◆ What is expected:
In the copy, include every entry exactly but none of the pictures.

◆ Task data:
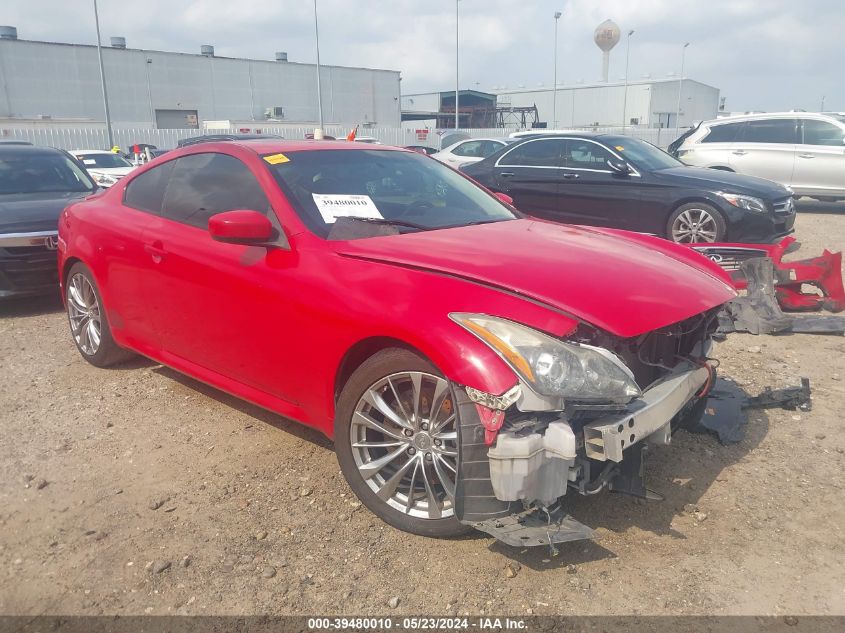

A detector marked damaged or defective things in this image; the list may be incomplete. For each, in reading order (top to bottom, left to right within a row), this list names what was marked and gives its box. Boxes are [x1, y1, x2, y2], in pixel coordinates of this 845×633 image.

exposed headlight [716, 191, 768, 214]
broken headlight lens [716, 191, 768, 214]
exposed headlight [448, 314, 640, 402]
broken headlight lens [448, 312, 640, 404]
damaged front bumper [454, 362, 712, 544]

◆ Task answer:
A detector marked damaged or defective things in this image; the list may be incomplete. For each, in reading order (top to bottom, left to right within a row), this list names what was marked and gives its box. Boxes are [x1, y1, x2, y2], in pixel coordinates of this 845×633 image.

exposed headlight [716, 191, 768, 214]
broken headlight lens [716, 191, 768, 214]
exposed headlight [448, 314, 640, 402]
broken headlight lens [448, 312, 640, 404]
damaged front bumper [454, 362, 712, 544]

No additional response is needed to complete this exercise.